Jesus says: “Thou shall love the Lord thy God with thy whole heart, and with thy whole soul, and with thy whole mind.” (Matt. 22:37.) Before He passes to the second commandment, Jesus tells us about the first: “This is the greatest and the first commandment.” Do not touch one single phrase of the next commandment until you have fully comprehended and understood this first one!

Our Lord then goes on: “And the second is like to this: Thou shalt love thy neighbour as thyself.” (Matt. 22:39.)

But the first is the greatest commandment! That means that in regard to the saving of your soul, you desire your own salvation; and there is enough love of self during your life to preserve that desire.

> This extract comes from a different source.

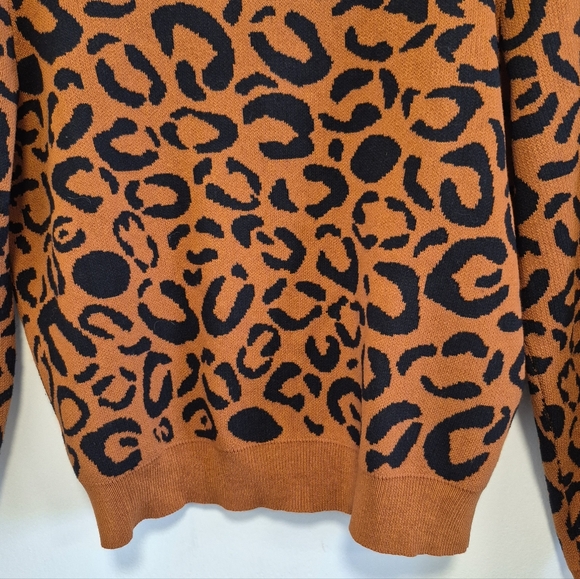 Anthropologie Lea & Viola Leopard Print Cardigan Sweater V Neck Button Up Sz S - Picture 8 of 11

We think alone! We suffer alone! We are lonely alone! We worry alone! We pray alone! We are heartbroken alone! And, we die alone! A man with an assignment like that to fulfill is entitled to a certain amount of healthy, salutary and noble self-interest.

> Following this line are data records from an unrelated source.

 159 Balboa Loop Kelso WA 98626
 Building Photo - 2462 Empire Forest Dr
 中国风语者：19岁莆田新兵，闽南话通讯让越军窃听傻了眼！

To be more interested in my neighbor’s salvation than in my own — to ask how the man next door is going to be saved instead of how I am going to be saved — is asking the right question in the wrong place; putting the first question where the second should be.

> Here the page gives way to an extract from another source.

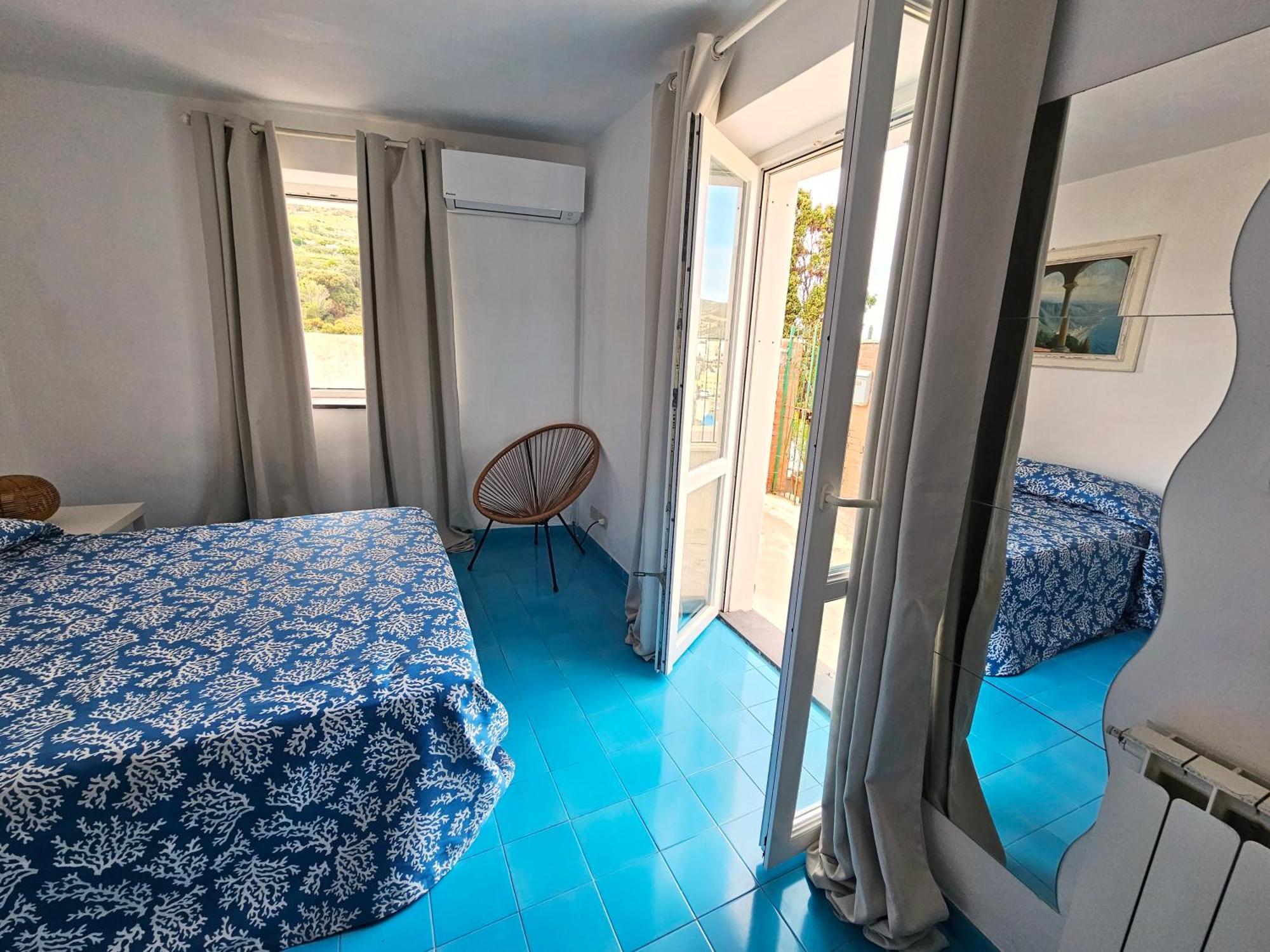 Appartement Maridea - Biscaglina à Ponza Extérieur photo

Were the scheme to go on that crazily on the subject of salvation, A would be interested in B’s salvation, and B would be interested in A’s salvation. It would be said to A: “What doth it profit a man to gain the whole world and suffer the loss of B’s soul?”

It is hard enough to save your own soul, with a conscience of your own, a disposition of your own, a temperament of your own, without using all that equipment to save somebody else’s. We will get over later to the points where unselfishness comes in, but, first of all, the basic challenge is to save your own soul.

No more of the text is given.